Joubert examina la table, le placard, le fauteuil. Tout était simple : le tapis gris, le bureau avec trois tiroirs sur la gauche ; en dessous, l’unité centrale de l’ordinateur ; dessus, la souris, le clavier et l’écran, ainsi qu’une pile de papiers et un bloc fixé sur un support ; une chope avec le logo Porsche et un peu de café desséché au fond. Des photos et des notes avaient été épinglées sur l’étoffe bleu passé de la cloison.

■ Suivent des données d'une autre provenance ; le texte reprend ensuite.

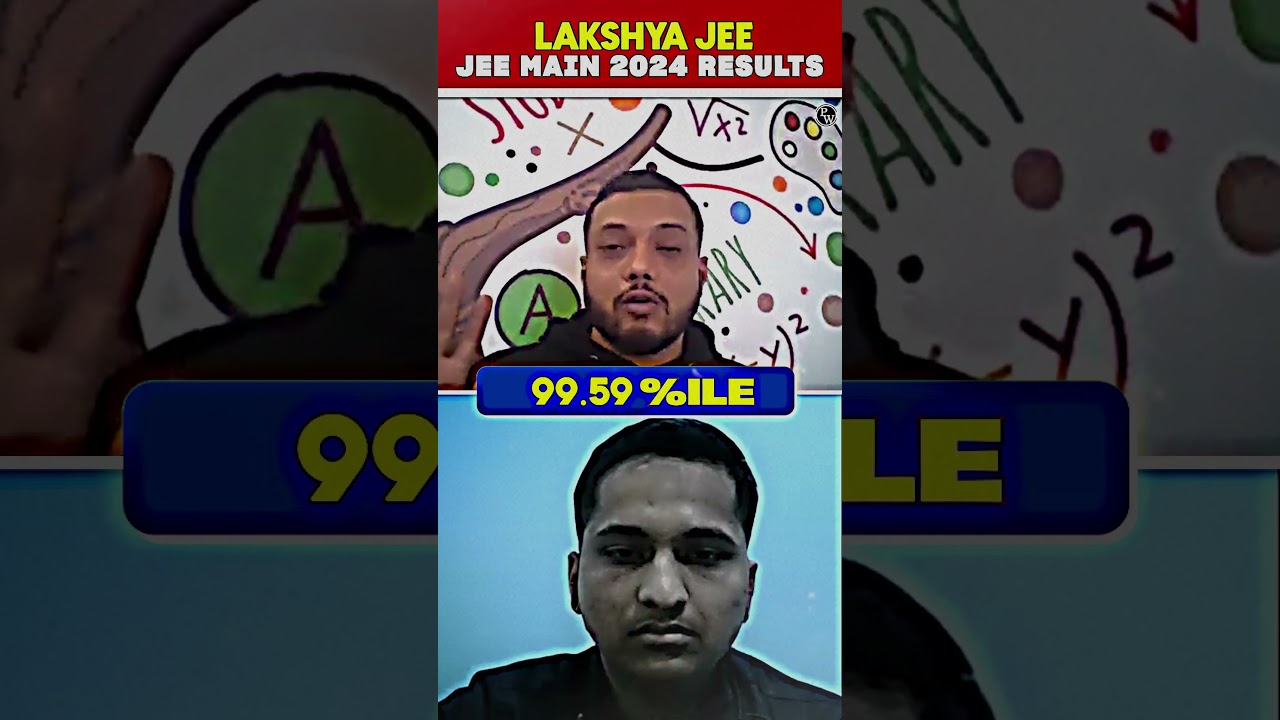 Time Management Skills to Know 💥🔥 | JEE Main 2024 Result #PW #Shorts #JEEMain2024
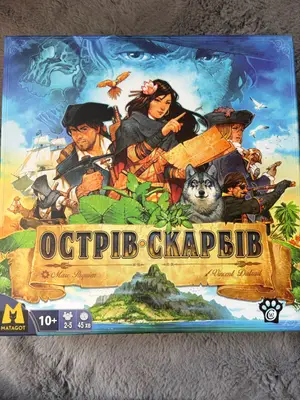 Lot de jeux de société ÉTAT NEUF + Jeu de cartes offert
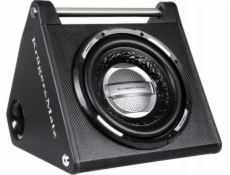 Kruger&Matz Auto Subwoofer AKTIVNÍ SUBWOOFER TUBA KRUGER MATZ 500W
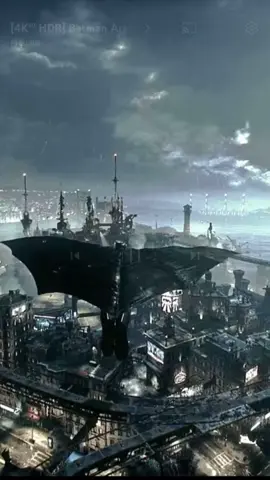 #game #gaming #batman #batmanbegins #fly #flying 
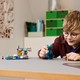 LEGO® Minecraft™ 21274 - Találkozás az Őrzővel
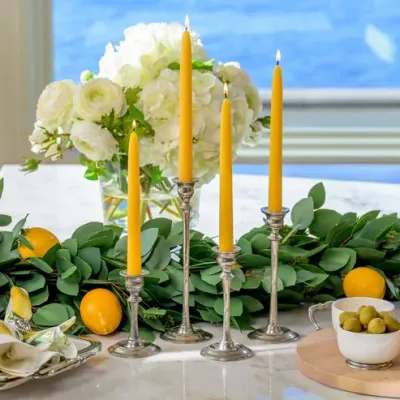Vintage Candlestick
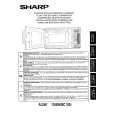SHARP R2397 Instrukcja Obsługi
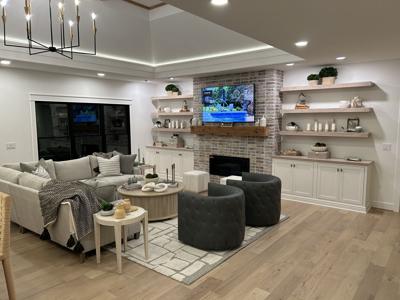 Homearama 2024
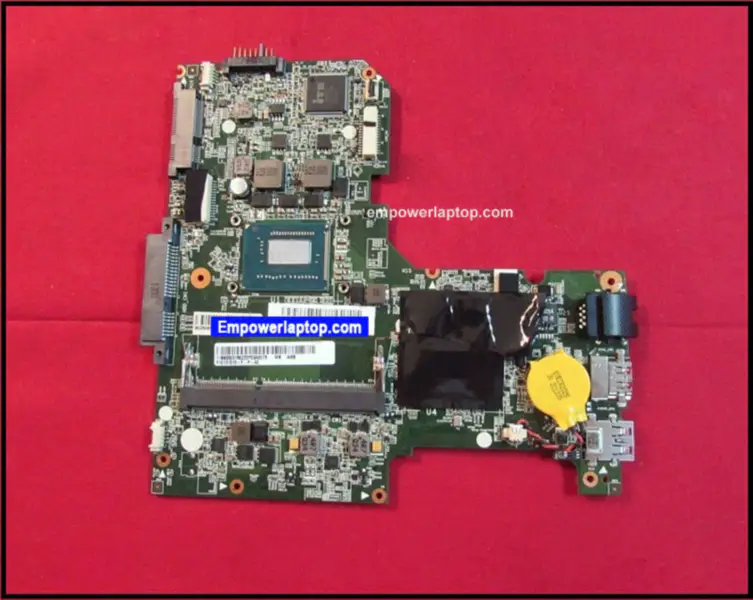 Základní deska Lenovo S210 i3 CPUR0N9 BM5290 11S90003157 Na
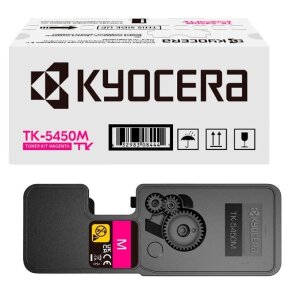 Kyocera toner Magenta TK-5450M, TK5450M, 1T0C0DBNL0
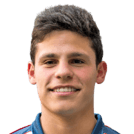 GONZÁLEZ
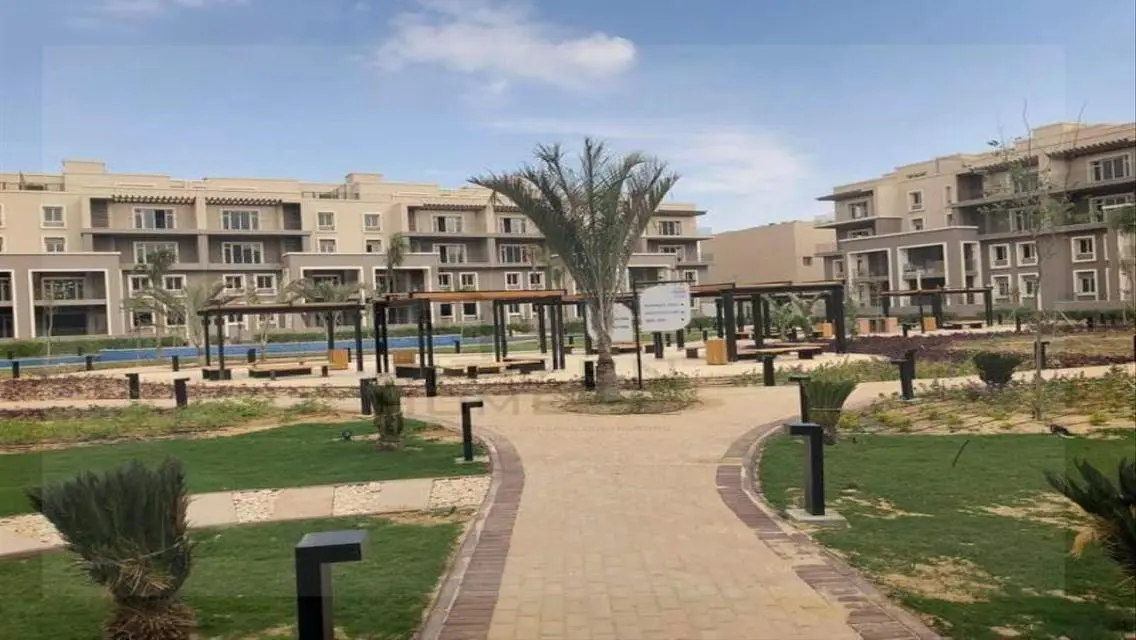 Luxury Apartment for Sale in October Plaza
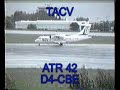 TACV ATR 42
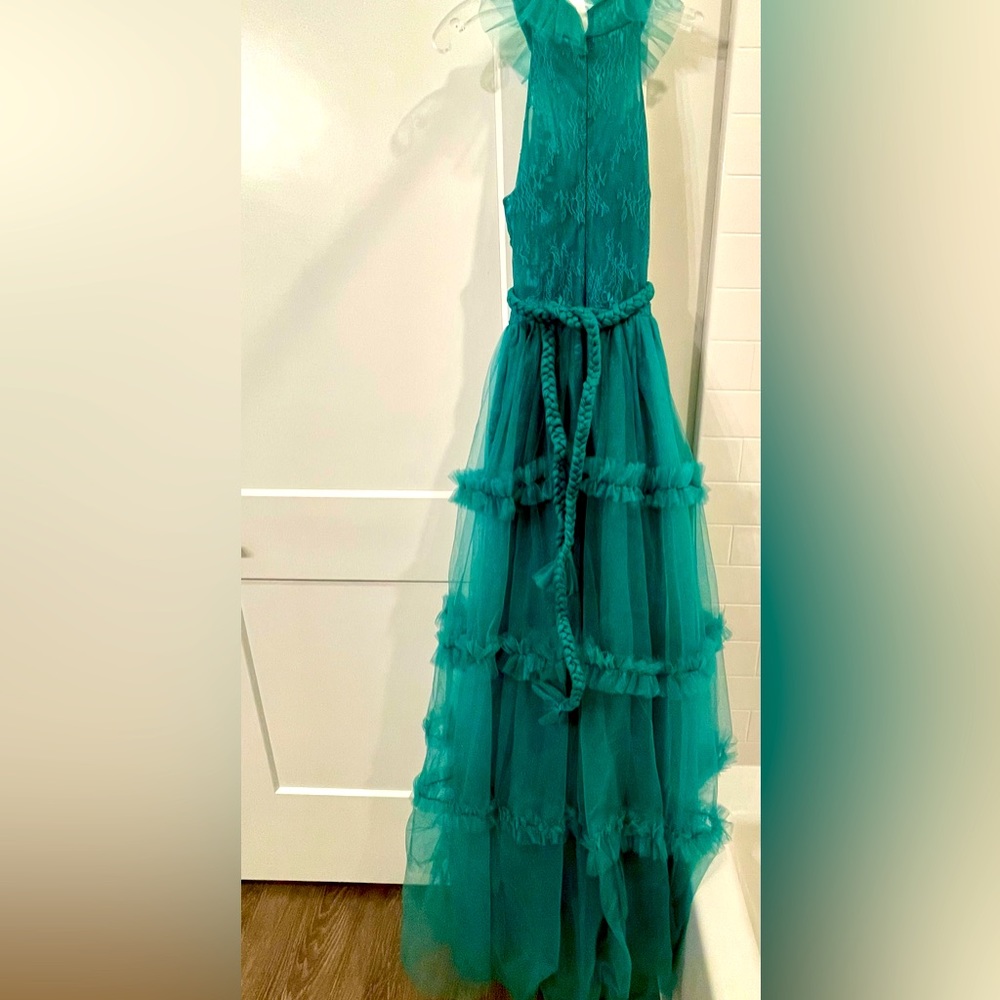PROM DRESS - Picture 2 of 3
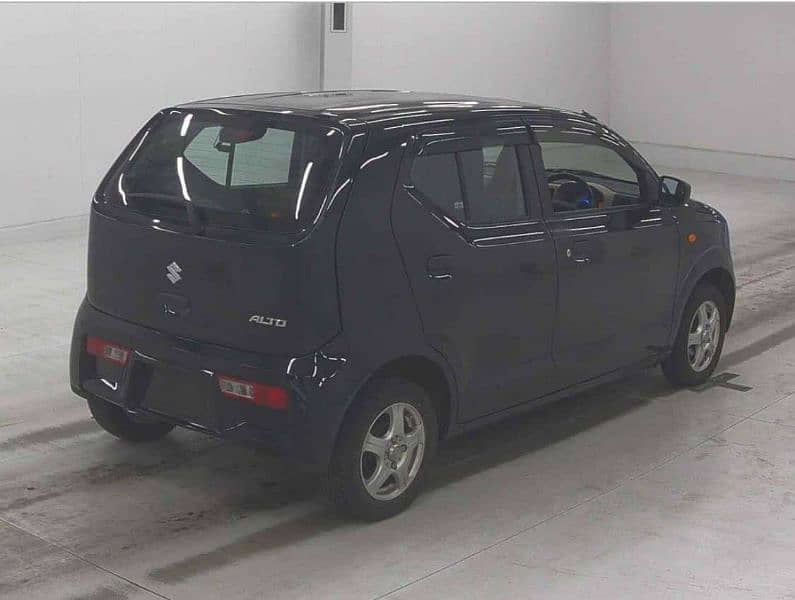 Suzuki Alto 2021 3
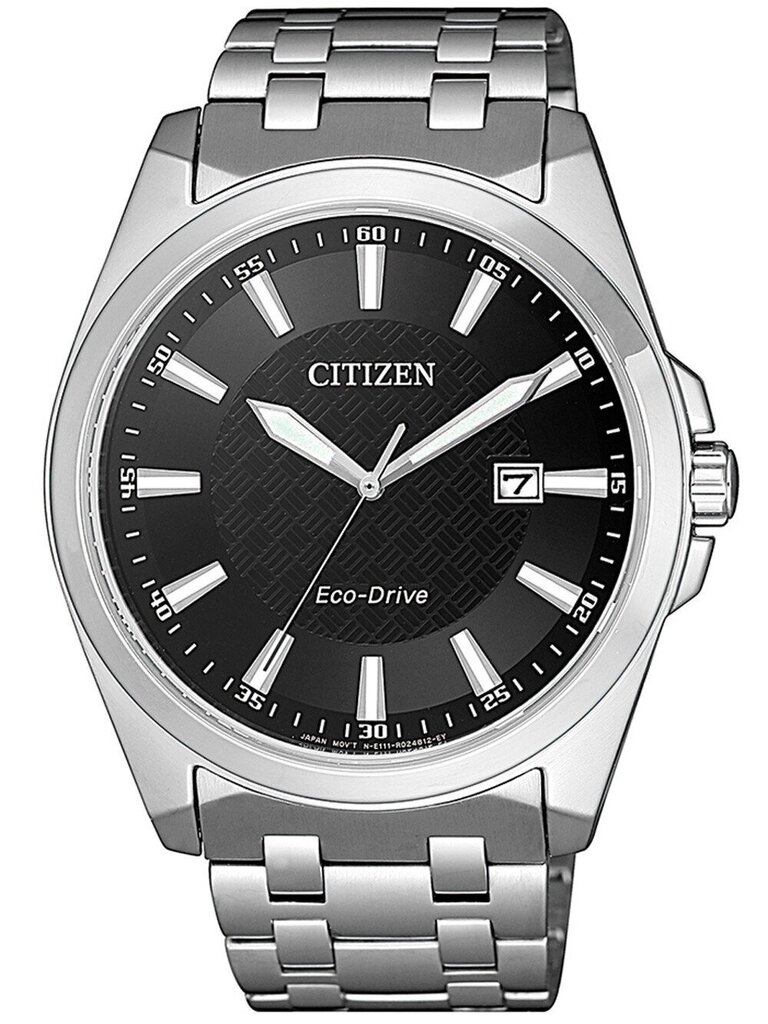 Miesten kello Citizen Eco-Drive Elegant BM7108-81E hinta ja tiedot | Miesten kellot | hobbyhall.fi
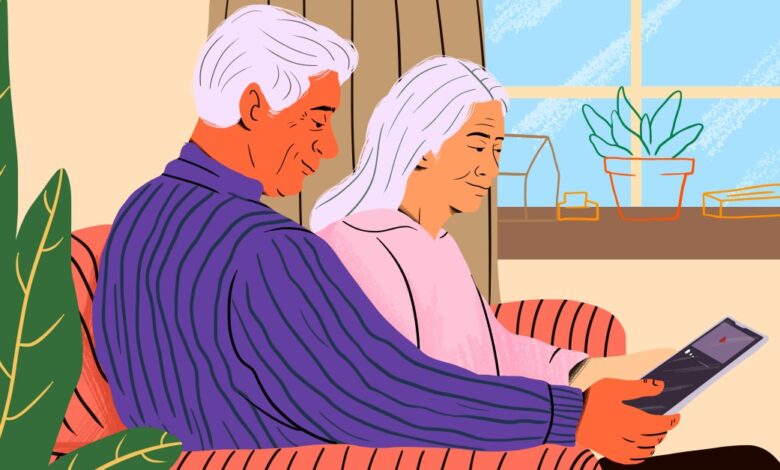 How to spy on your aging parents — ethically How to spy on your aging parents — ethically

Il s’assit dans le fauteuil de Danie et regarda les photos. Au milieu, il y en avait une prise devant le dépôt, sans doute le personnel administratif, six hommes et trois femmes. Philander se tenait au centre, Danie était le deuxième en partant de la droite, affichant un grand sourire. Joubert se demanda laquelle des trois femmes métisses était l’insistante et diplomate Santasha du téléphone.

À côté, une autre photo était punaisée : Danie et Tanya Flint, à l’occasion d’une fête d’entreprise. Elle avait alors le visage plus rond. Amusée, elle regardait Danie qui portait un drôle de petit chapeau, une bière dans une main, hilare. Il y avait encore une photo de Danie, en bateau, sur une rivière, tenant deux amis par les épaules. Ainsi que trois photos de voitures de sport découpées dans des magazines : une Audi R8, une Ferrari F430 Spider et une Lamborghini Murciélago LP 640. Des Post-it jaunes ponctuaient la cloison : des noms et des numéros de téléphone griffonnés, des rappels de réunions et des dates de remise de rapports. Le nombre de points d’exclamation dénotait le degré d’urgence.

Il approcha de lui la pile de papiers et les examina. Des formulaires ABC officiels, avec des chiffres et des références qui concernaient vraisemblablement des autobus. Un dossier beige, avec le logo d’ABC, le mot « Candidatures », et dessous : « Retourner aux RH, SVP, madame Heese ! ! ! » en lettres rouges coléreuses. Le dossier contenait des candidatures de chauffeurs de bus, chacune assortie d’une photo, d’un bref CV et d’un rapport des RH.

Il repoussa le tas de papiers, tenta d’ouvrir le tiroir du haut, mais il était fermé à clé.

Il ouvrit le deuxième tiroir. Il contenait une corbeille métallique avec des compartiments de différentes tailles : des stylos à bille bon marché, deux crayons, une agrafeuse, une boîte bleue avec des agrafes, une gomme encore neuve, un rouleau d’adhésif, des ciseaux, un guide des codes postaux, trois paquets de Post-it, un chargeur de téléphone Nokia, des trombones, un briquet Bic qui avait perdu sa mollette, un porte-clés Ferrari et deux prises multiples.

Dans le tiroir du bas non plus, il n’y avait pas grand-chose – le disque Windows XP d’origine de l’ordinateur, un manuel d’imprimante à jet d’encre, deux vieux numéros du magazine FHM, un de Sports Illustrated Swimsuit Edition, un Auto Trader et deux numéros de Car.

Joubert déplaça le fauteuil pour ouvrir la porte coulissante du placard – plein de dossiers beiges, rangés par date, de 2004 à 2006 ; il y avait aussi deux annuaires téléphoniques. Il prit un dossier et le feuilleta. C’étaient des documents ABC, indéchiffrables.

Où était donc la clé du tiroir ? Sur le porte-clés Audi – disparu avec Flint ?

Il ne restait plus qu’une chose à vérifier : l’ordinateur. Il lorgna sous le bureau, trouva le bouton, appuya dessus. L’ordinateur s’alluma, il regarda l’écran, attendit que toutes les icônes apparaissent – Outlook, Word, Excel, Explorer, PGRC.

Il fixait l’écran. Cela poserait-il un problème s’il ouvrait le programme e-mail ? S’il avait encore été dans la police, il aurait appelé à la rescousse un expert en informatique, et puis quelqu’un pour déverrouiller le tiroir, et en une demi-heure il en aurait examiné le contenu. Mais, désormais, chaque nouvel obstacle signifiait encore une dépense et il tâchait de mesurer les résultats potentiels par rapport aux coûts.

On ne peut pas mener une enquête comme ça.